'''
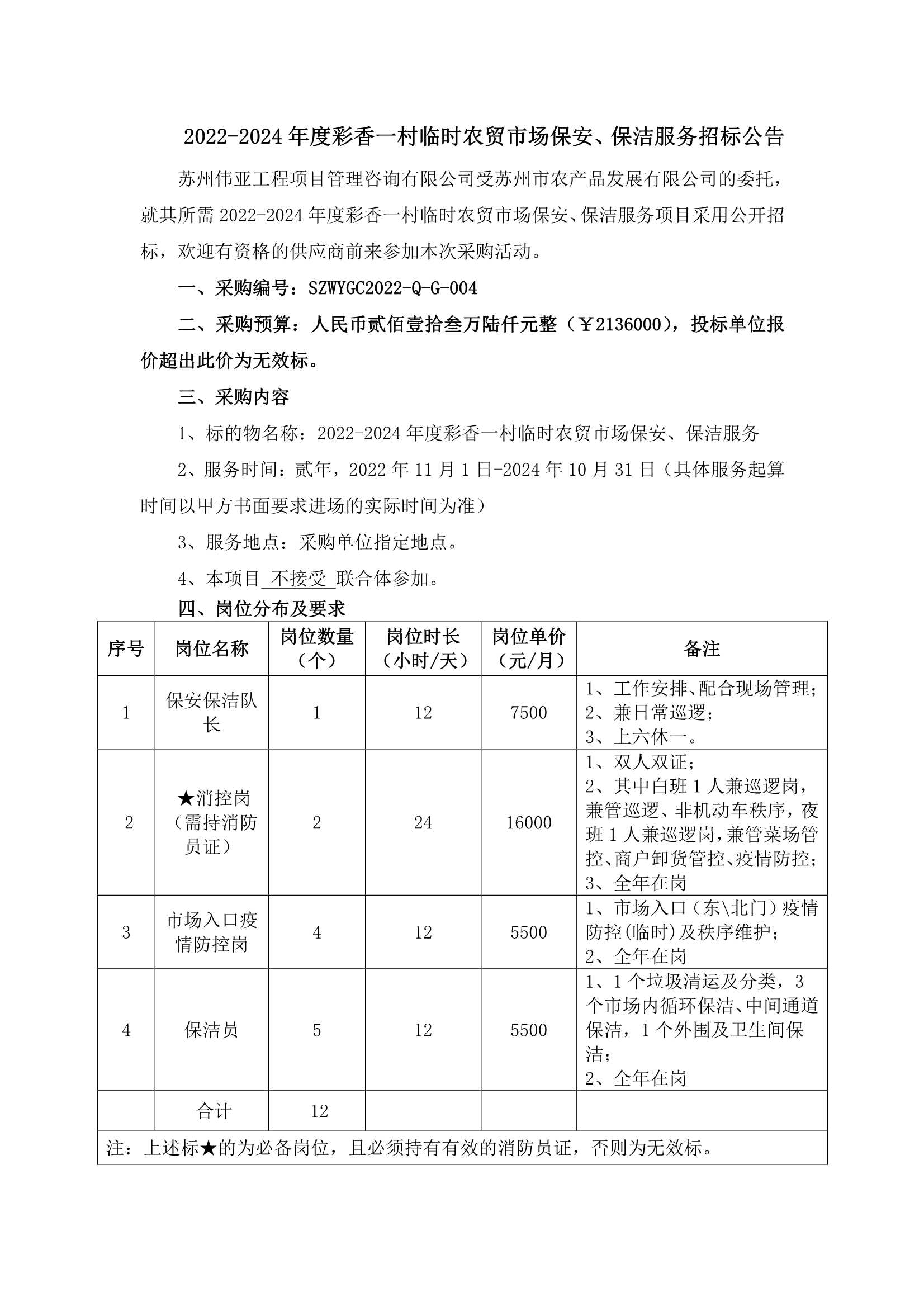2022-2024年度彩香一村暂时农贸市场保安、、、保洁服务招标通告_1.Png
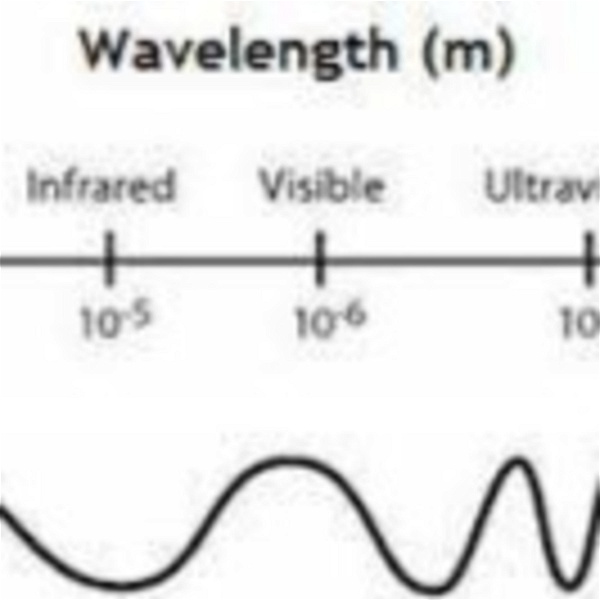 Artwork for 3 types of waves from the EM Spectrum.
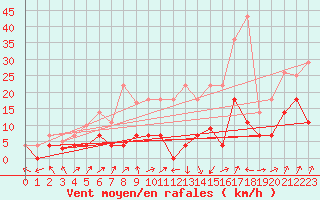 Courbe de la force du vent pour Helln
'''
## What needs to be done
Find the line with "Artwork for 3" in the listing above, then write it out along with every later line through the last one, exactly, omitting pictures.

## Exercise solution
 Artwork for 3 types of waves from the EM Spectrum.
 Courbe de la force du vent pour Helln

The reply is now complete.